Fifteen of us met at Henry Tham. It is true; to have a good time one had better stick to like people. Groups formed soon enough, people left.

The high point of the night was the walk to the Gateway of India and the ride on a Victoria Buggy. After haggling for Rs. 350 (The extra 50 for the hypothetical policeman, who hypothetically would have fined us, if he found 6 passengers instead of 5!), we got a buggy eye view of Bombay between the Gateway and Marine Drive. India had just won the T20 match at Brabourne; thus, we also got a taste of after-victory fire crackers and celebrations. We did feel sad for the horse though.

Victoria - Ours was the best looking one around

G was a good girl till Sunday morning when she suddenly decided she needed to shop after all!
“No, it is just for Sarees.
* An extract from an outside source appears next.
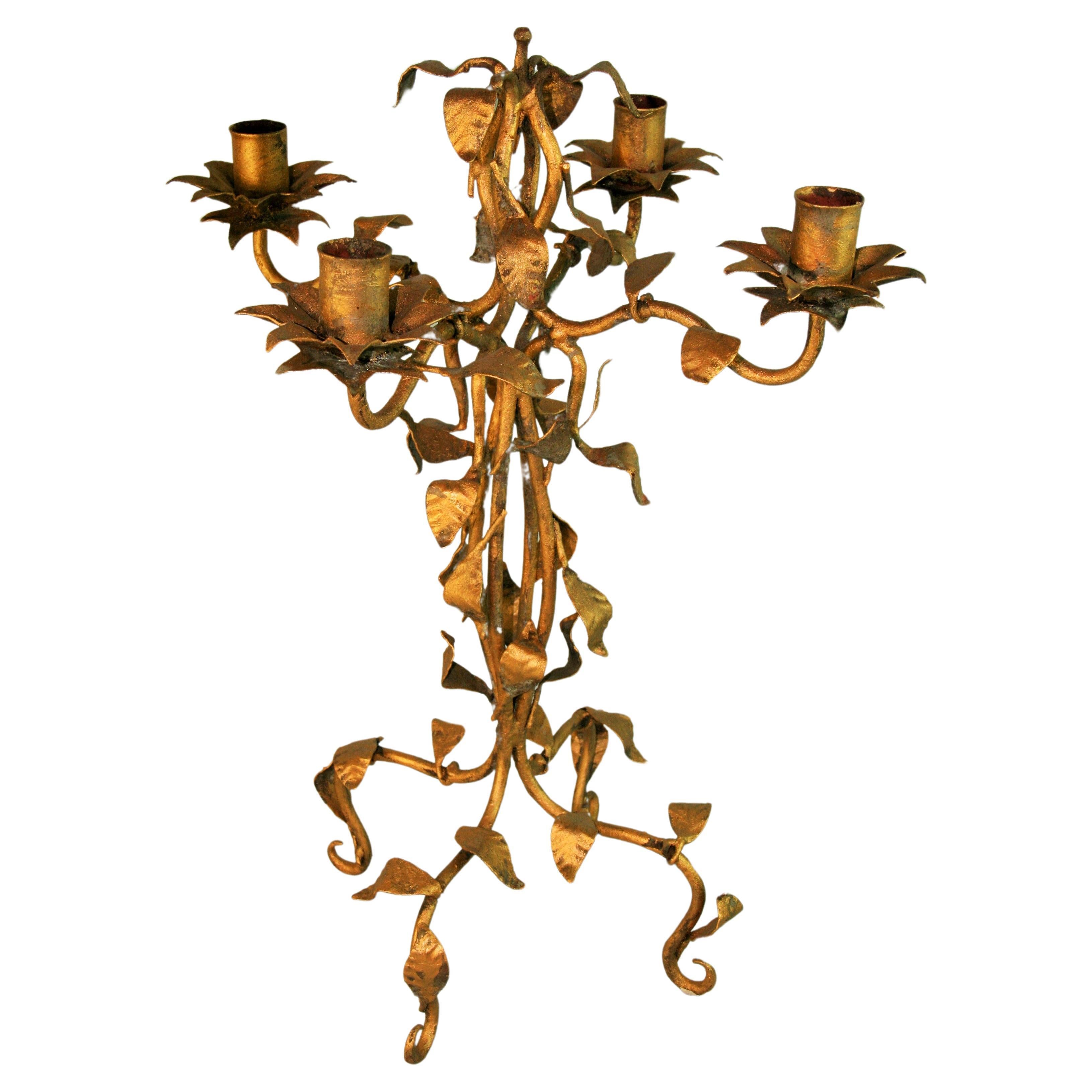 Antiker italienischer Kerzenhalter aus vergoldetem Eisen im Alter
You never know when you might need them and I don’t have enough”
“But I don’t know where to find them”
“Let’s just walk around”

And walk around we did.

After some casual research, we headed off to Vile Parle station market. In the searing heat, relentless distance, a lot of hand wrenching, store hopping and “I like this. I like that also. Which do I take?”, she finally settled at Aari at Vile Parle (W) and loaded her bag. Before the salesman sold her some more, I dragged her out.
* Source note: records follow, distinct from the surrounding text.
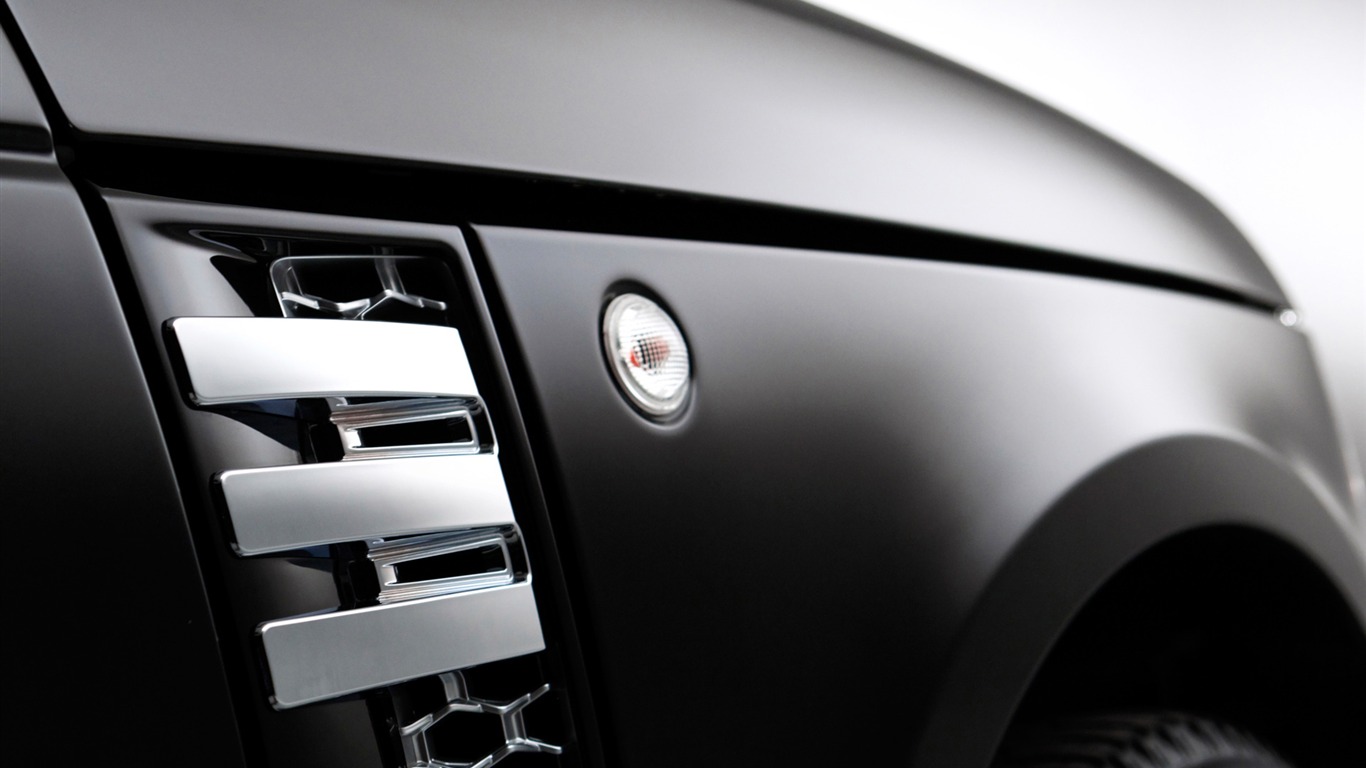 Land Rover Range Rover Black Edition - 2011 HD Wallpaper #24 - 1366x768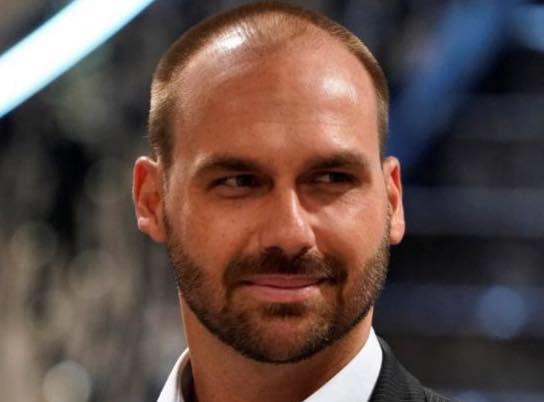 Imagem de capa representando o destaque: Eduardo Bolsonaro é demitido da Polícia Federal por abandono de cargo
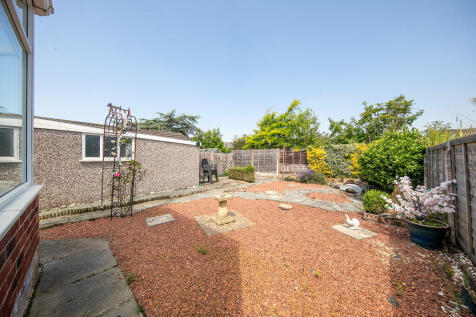 Low maintenance private garden
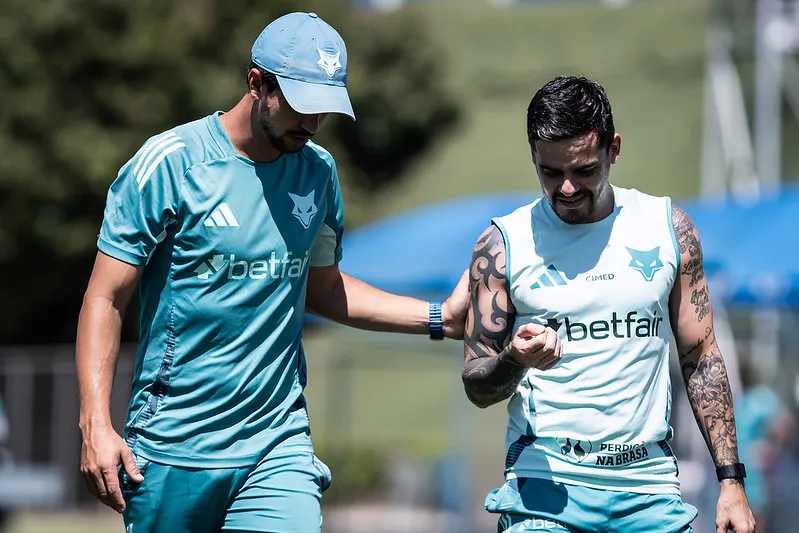 Fagner fez corridas leves no campo. Foto: Gustavo Aleixo/Cruzeiro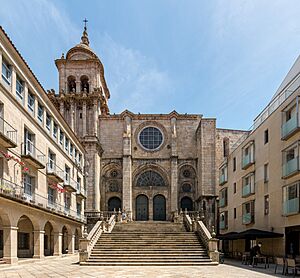 Ourense cathedral 2021 - west façade.jpg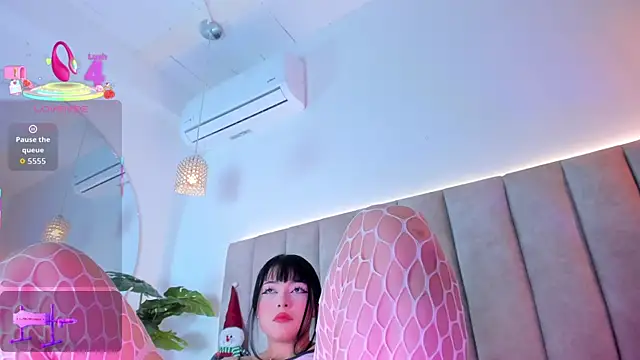 Doyeon Dae online show from 12-21-25, 04:30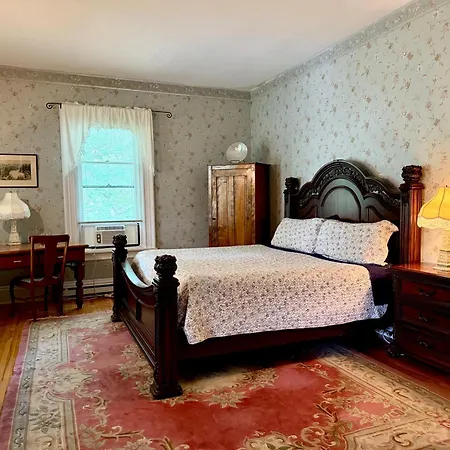 Carriage House Inn-3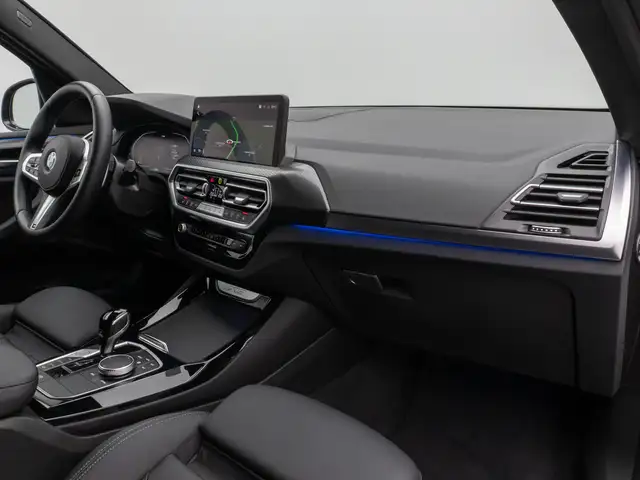 BMW X3 view 23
The only respite from the relentless walking in the heat was the sojourn at Iskon at Juhu. We sat there, amidst the beautiful idols, resting our feet on the cool marble and seeping in chants of Hare Rama, Hare Krishna. G snoozed.

Iskon, at Juhu

It was Bombay Black at night. G was watching her first play and I was nervous. The play is running houseful shows at Prithvi, so I was reassured. And it turned out to be good - with some clever acting, cleanly etched characters and incisive dialogues. Though at the start, we had some difficulty getting used to Radhika’s acting – her aggressiveness in dialogue delivery was difficult to fathom till one knows the reason behind the angst. Meenal and Shreyas were exceptional, Radhika a great dancer. Each one is mired in a love-hate relationship with the other. Two know the hate; it takes the blind Shreyas to bring in the love, and salvation along with it. Good watch.

A weekend used to the hilt. With friends around, the world seems a better place…
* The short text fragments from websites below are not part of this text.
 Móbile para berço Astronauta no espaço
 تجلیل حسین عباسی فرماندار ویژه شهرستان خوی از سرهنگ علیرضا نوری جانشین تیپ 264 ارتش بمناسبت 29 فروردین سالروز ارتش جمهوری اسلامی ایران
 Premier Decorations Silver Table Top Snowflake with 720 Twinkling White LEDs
Thursday, October 18, 2007

Getting a life

I took up the arts again.

I can afford to. I have two hours of free time after I get back from work, and I am tired of staring at the computer the whole day looking at stocks going up and down. I needed to create, to vent, to go beyond limits, to experiment, to be myself. Thus, I am reading, singing and painting again!

I am limping a little to begin with. It merely needs some polishing.

I have not been doing anything else blog worthy. Last three weeks was Mom time - shopping, visiting relatives, inviting friends for dinner (Food cooked by her licked off fancy borrowed plates). It has been hectic, fun, full of laughter and arguments. Spices, music, flowers and incense.

The home is silent again.

The Pujas are here! I need to find a Pandal to go to. And wear all my new dresses.

Happy Pujas to all!

Sunday, October 07, 2007

Never a Yesterday


Yesterday! What can I do with that? I can’t go back and change it. I have to learn to live with it. And make the best of it. For today. For tomorrow. Until I live.

Yesterday. She has AIDS she contracted from her husband. She travels to Johannesburg to tell him. He beats her up when he hears it. He gets sick soon and comes back home. She forgives him. That was in the past she says. She builds a hut away from the prying, accusing eyes of the villagers, to nurse him. He dies anyway.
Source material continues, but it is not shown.